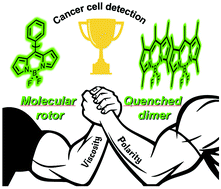 Graphical abstract: Confronting molecular rotors and self-quenched dimers as fluorogenic BODIPY systems to probe biotin receptors in cancer cells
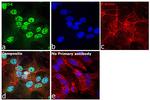 BRD4 Antibody in Immunocytochemistry (ICC/IF)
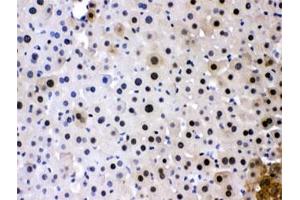 IHC testing of FFPE mouse liver with PC4 antibody at 1ug/ml. (SUB1 antibody  (AA 96-127))
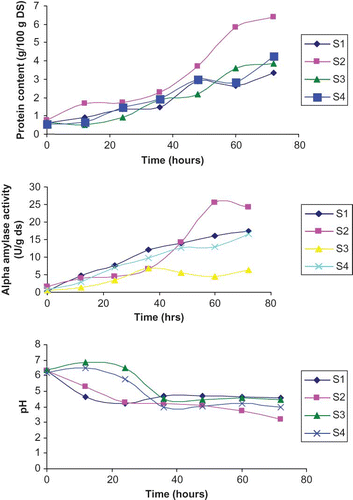 Figure 3 Change of protein content, α-amylase activity and pH with time. S1: Rhizopus oryzae (TISTR 3052); S2: Rhizopus oryzae (TISTR 3058); S3: Rhizopus delemar (TISTR 3534); and S4: Rhizpus delemar (TISTR 3190). (Figure provided in color online.)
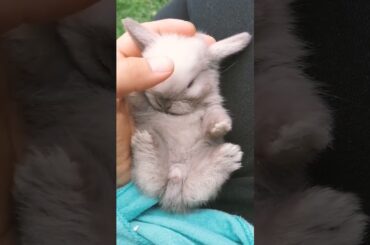 Cute Rabbit Baby #short #shorts #rabbit #bunny #animal #animals #pets #pet #viral #viralvideo #cute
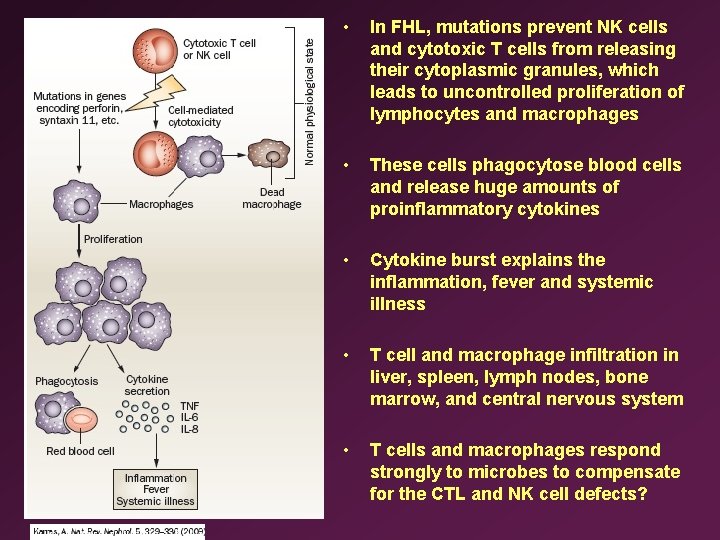  • In FHL, mutations prevent NK cells and cytotoxic T cells from releasing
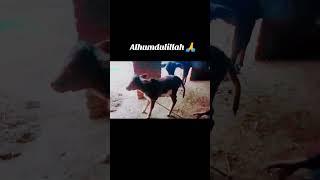 Cow / Ramzan Qasim Fans #cow #viralvideo #unfrezzmyaccount #shorts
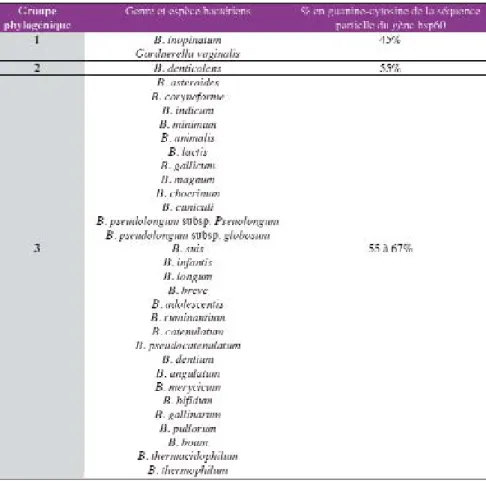 Tableau III : approche phylogénétique pour l’analyse du genre Bifidobacterium sur base de la séquence partielle du gène 16SrDNA (Miyake et al., 1998).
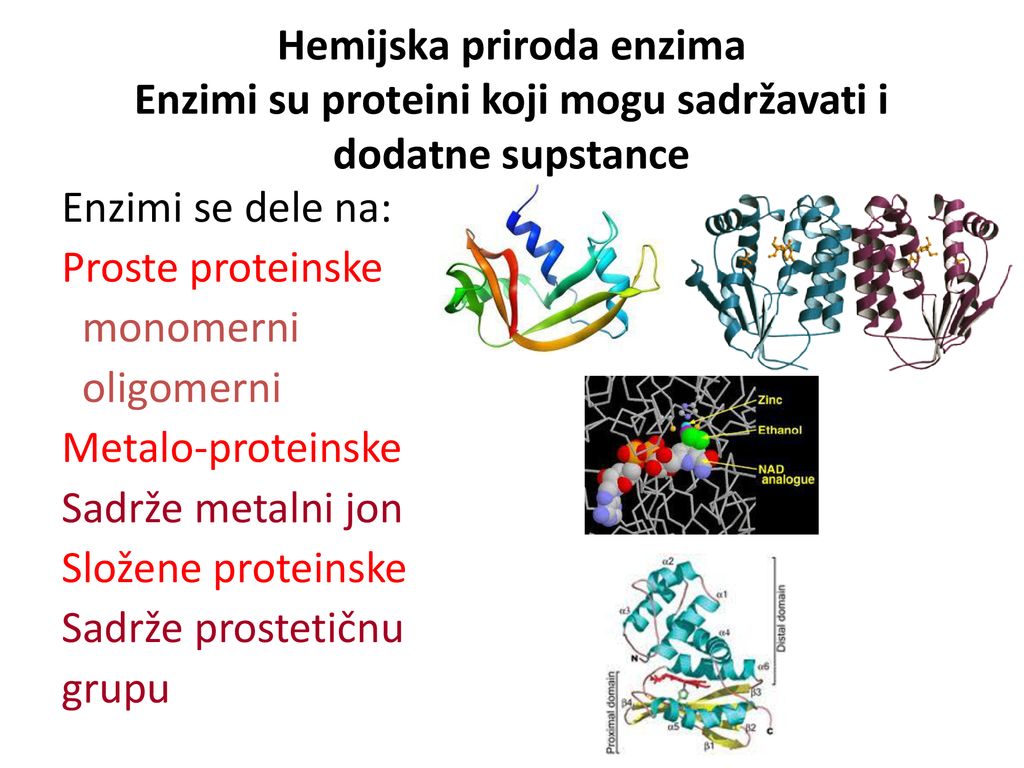 Hemijska priroda enzima Enzimi su proteini koji mogu sadržavati i dodatne supstance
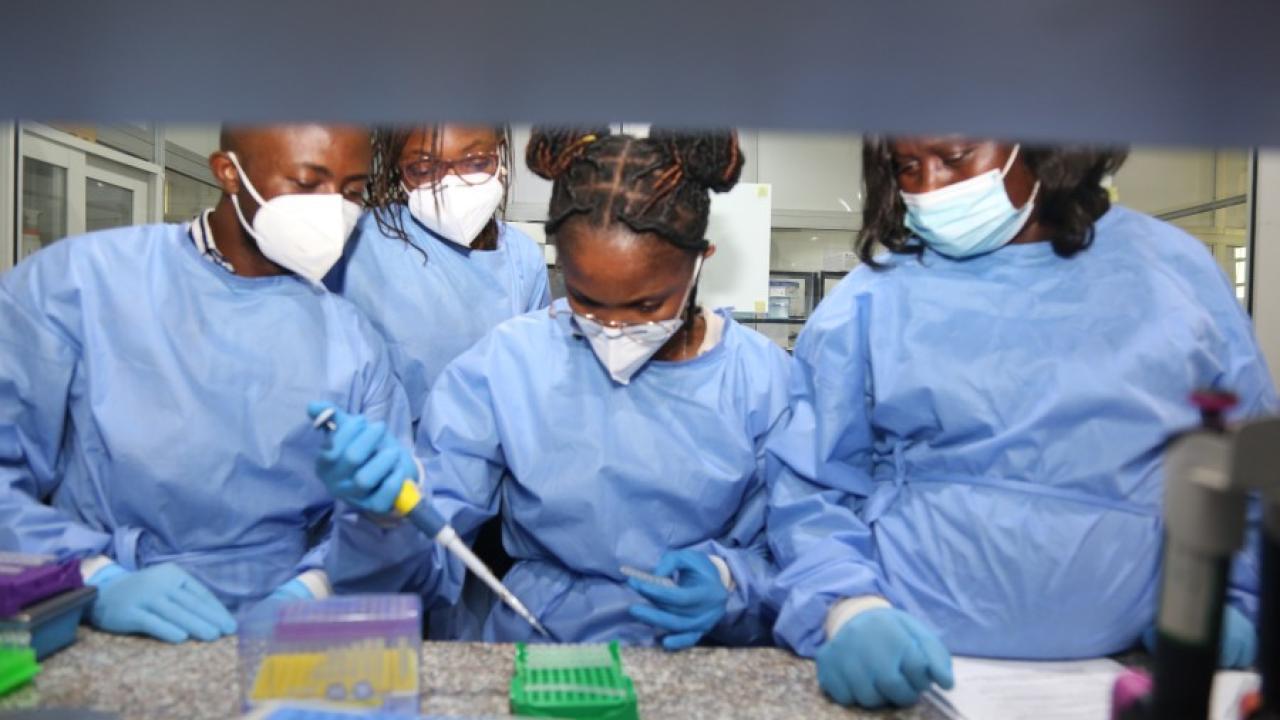 Scientists in Africa being trained in genomics.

### What the task asks
When a line carries an image, skip the image and repeat everything else above exactly as written.

### Problem solution
 Graphical abstract: Confronting molecular rotors and self-quenched dimers as fluorogenic BODIPY systems to probe biotin receptors in cancer cells
 BRD4 Antibody in Immunocytochemistry (ICC/IF)
 IHC testing of FFPE mouse liver with PC4 antibody at 1ug/ml. (SUB1 antibody  (AA 96-127))
 Figure 3 Change of protein content, α-amylase activity and pH with time. S1: Rhizopus oryzae (TISTR 3052); S2: Rhizopus oryzae (TISTR 3058); S3: Rhizopus delemar (TISTR 3534); and S4: Rhizpus delemar (TISTR 3190). (Figure provided in color online.)
 Cute Rabbit Baby #short #shorts #rabbit #bunny #animal #animals #pets #pet #viral #viralvideo #cute
  • In FHL, mutations prevent NK cells and cytotoxic T cells from releasing
 Cow / Ramzan Qasim Fans #cow #viralvideo #unfrezzmyaccount #shorts
 Tableau III : approche phylogénétique pour l’analyse du genre Bifidobacterium sur base de la séquence partielle du gène 16SrDNA (Miyake et al., 1998).
 Hemijska priroda enzima Enzimi su proteini koji mogu sadržavati i dodatne supstance
 Scientists in Africa being trained in genomics.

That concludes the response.